Definitely ready for primetime were chef John Adams’s fresh, spring-inspired dishes, which he worked on over the last month after returning from stints at Louisville’s Milkwood and Proof on Main to help Baker open his latest enterprise. An approachable but definitely high-aiming lunch menu currently features several playful starters and a short list of “mains,” including a burger seared on that plancha and a grilled cheese with three types of fromage and a mushroom jam.
Knowing what Adams could do with octopus at Bluebeard, his last Indianapolis employer, we ordered the octopus panzanella alongside lamb tartare and a salad of spring peas and radishes. The panzanella—with almost double the surprisingly tender, plancha-grilled octopus than hunks of bread—gave evidence that Adams refined his skills with textures and plating even further in his short few months in Louisville. Bites of salty Spanish chorizo and olives lent depth to the mild octopus, and dollops of exceptionally creamy yogurt and a tangy dressing, as well as shaved radishes, helped lighten a rich and satisfying lunch salad. Just as impressive was the utterly smooth and pure lamb tartare, served on Amelia’s bread with the traditional egg yolk not on top but cleverly bracing the bread at the bottom of the plate. Tender peas were definitely the bulk of a spring pea and radish salad, the only dish that might have wanted for more texture or a bit more bite. But wafer-thin radishes and shavings of nutty Parmesan rounded out this super-refined take on the salad-bar classic.

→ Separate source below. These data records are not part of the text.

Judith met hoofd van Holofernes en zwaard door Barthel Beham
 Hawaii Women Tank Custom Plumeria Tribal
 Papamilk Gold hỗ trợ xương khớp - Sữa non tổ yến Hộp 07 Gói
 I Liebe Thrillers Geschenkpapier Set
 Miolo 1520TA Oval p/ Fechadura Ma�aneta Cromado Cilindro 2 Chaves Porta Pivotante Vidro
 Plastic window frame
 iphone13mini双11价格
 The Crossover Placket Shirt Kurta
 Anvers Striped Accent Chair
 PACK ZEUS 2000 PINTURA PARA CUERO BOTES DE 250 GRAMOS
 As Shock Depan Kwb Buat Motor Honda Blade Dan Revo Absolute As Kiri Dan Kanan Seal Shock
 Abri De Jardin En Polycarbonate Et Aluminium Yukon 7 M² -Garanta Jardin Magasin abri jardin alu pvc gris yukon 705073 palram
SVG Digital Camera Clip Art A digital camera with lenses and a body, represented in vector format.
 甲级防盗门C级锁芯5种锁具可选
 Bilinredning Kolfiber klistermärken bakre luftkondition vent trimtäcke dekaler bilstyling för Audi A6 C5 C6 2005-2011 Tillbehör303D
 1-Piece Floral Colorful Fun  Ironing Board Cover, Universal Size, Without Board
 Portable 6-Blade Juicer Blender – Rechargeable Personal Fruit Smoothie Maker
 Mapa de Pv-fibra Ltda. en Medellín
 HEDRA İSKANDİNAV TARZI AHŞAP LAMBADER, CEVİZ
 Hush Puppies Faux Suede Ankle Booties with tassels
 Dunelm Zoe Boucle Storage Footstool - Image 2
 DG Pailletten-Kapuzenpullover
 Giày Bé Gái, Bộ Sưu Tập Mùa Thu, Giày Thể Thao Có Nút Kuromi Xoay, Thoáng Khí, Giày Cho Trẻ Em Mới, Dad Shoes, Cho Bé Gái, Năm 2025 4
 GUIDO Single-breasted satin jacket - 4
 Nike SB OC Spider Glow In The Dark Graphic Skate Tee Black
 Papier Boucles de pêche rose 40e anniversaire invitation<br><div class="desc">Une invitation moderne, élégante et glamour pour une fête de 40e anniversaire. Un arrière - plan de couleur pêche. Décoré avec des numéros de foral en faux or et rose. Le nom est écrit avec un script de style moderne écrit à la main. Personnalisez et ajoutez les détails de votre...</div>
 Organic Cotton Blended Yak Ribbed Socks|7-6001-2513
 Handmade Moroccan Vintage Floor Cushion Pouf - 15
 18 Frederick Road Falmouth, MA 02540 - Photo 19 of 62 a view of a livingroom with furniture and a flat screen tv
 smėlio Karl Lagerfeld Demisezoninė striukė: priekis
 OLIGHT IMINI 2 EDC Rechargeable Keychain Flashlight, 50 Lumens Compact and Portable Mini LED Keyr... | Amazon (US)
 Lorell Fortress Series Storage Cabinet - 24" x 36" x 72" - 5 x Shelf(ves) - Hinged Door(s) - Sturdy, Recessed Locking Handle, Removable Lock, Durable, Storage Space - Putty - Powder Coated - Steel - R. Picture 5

Heading deeper into the “anchor” portion of the menu, we opted for the roasted halibut for our lunch entree. And while the light, flaky fish with a golden coating was as good as any we had eaten in town of late, the accompanying radishes, a theme on Adams’s menu that came fork-tender and drenched with the butter they had been poached in, were what really made the dish. (Wilted ramps and a lusciously viscous clam broth didn’t hurt.) Just to see what Plow & Anchor’s kitchen could do with desserts, we finished with perhaps the most intriguing creation of the meal, a lavender-scented biscuit topped with fresh strawberries, rhubarb, and more of those sweet peas and pea shoots, as well as traditional creme anglaise enriched with pureed peas. The slight vegetal quality of the peas and the tang of the rhubarb offset the sweetness of the biscuit and berries in one of the most balanced desserts currently featured in the city. It was a great reminder of why local diners so mourned Adams’s sudden departure from Bluebeard last fall—and why they are so glad to see him returned and cooking at the top of his game.
As a kickoff to the new restaurant, Plow & Anchor is featuring a Celebrity Chef Dinner on Memorial Day, May 26, at 6 p.m. with dishes by Food Network host and chef Ben Vaughn, Kenmore brand chef Kari Karch, Circle City Sweets’s Cindy Hawkins, Baker, and Adams—all paired with St. Supery wines.